I am still not convinced by the internal architectural arrangement of internal walls within the cavernous interior of this former railway station.  The formation of the display rooms have stone partitions which look vaguely Egyptian to my eyes and are satisfying neither at floor level nor when viewed from one of the many vantage points that one gets from the journey up to the cream of the collection – the Impressionists on the fifth floor.  But the paintings themselves outweigh any cavils that I might have about their display.

Our attempt to see Notre Dame was frustrated by queues and torrential rain.  Our daily dose of heavenly refreshment continues unabated – though it was only today that Irene remembered that she had a coat of some sort in the car in the subterranean garage.  Ah well, better late than never – and it will be used because I have looked at the weather forecast for Paris and the weather continues in its unrelentingly liquid way.

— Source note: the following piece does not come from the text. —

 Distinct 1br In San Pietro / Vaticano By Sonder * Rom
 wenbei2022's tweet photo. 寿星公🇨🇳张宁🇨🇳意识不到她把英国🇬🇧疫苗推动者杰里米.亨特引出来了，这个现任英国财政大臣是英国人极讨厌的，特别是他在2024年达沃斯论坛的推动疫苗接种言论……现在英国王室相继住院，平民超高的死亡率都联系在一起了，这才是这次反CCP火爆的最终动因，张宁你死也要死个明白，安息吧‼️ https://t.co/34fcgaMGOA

Notre Dame looks disturbingly clean, but our further explorations were cut short by the necessity of finding some sort of shelter from the storms.  We cut our losses eventually and marched back to the Metro, but not before we had found a Chemist for me to get a razor to scrape away the burgeoning grey growth that has sprung up on my cheeks.

To celebrate finding a razor and to escape from the downpour we went into a bar and ordered a large beer each.  To my utter horror when the bill came is was for €19!  Almost €10 a beggared pint!  This still does not reach the record level of €11 a pint for daring to drink in the arcades off the Cathedral plaza in Milan, but still!  A pint of Carlsberg for €9.90!  Sheer unadulterated robbery.

Tomorrow a possible visit to the Richard Rogers’ gallery masterpiece and another opportunity to try and tempt Irene to give modern art a chance!

Before that dinner in our favourite restaurant in Malakoff (an area of Paris of which I have never previously heard) and a well deserved rest.

Culture does not stop for Sunday and we must be prepared to travel and travail!

Friday, July 06, 2012

The Big City


A generally uneventful journey over to Paris from Normandy and the only even of note (or weary recognition) was the insufferable traffic jam which greeted us as soon as we hit the city proper.

The hotel in the B&B chain is basic, very basic.  There are no cupboards and the shower is miniscule – but it is a bed and it is en suite and that, basically is all we need.

The breakfast is served (if that is the word) by an uncaring woman who lives up to the stereotype of resentful summer servitors in Paris and ostentatiously refills machines and leaves component parts blocking others in a way which shows that she is highly trained in customer disengagement!  And there was no egg.  When I asked about it I was told simply that there was none.  It was left to the receptionist to explain that the delivery was late but that everything should be wonderful tomorrow.

As far as I can work out we are nowhere near either the centre of the city or the airport so we have, thanks to the kindness of the northern French allowed ourselves to be situated in the most inconvenient of places for everything we want and need to do.  Though there is parking - which I fear we are going to pay through the nose for!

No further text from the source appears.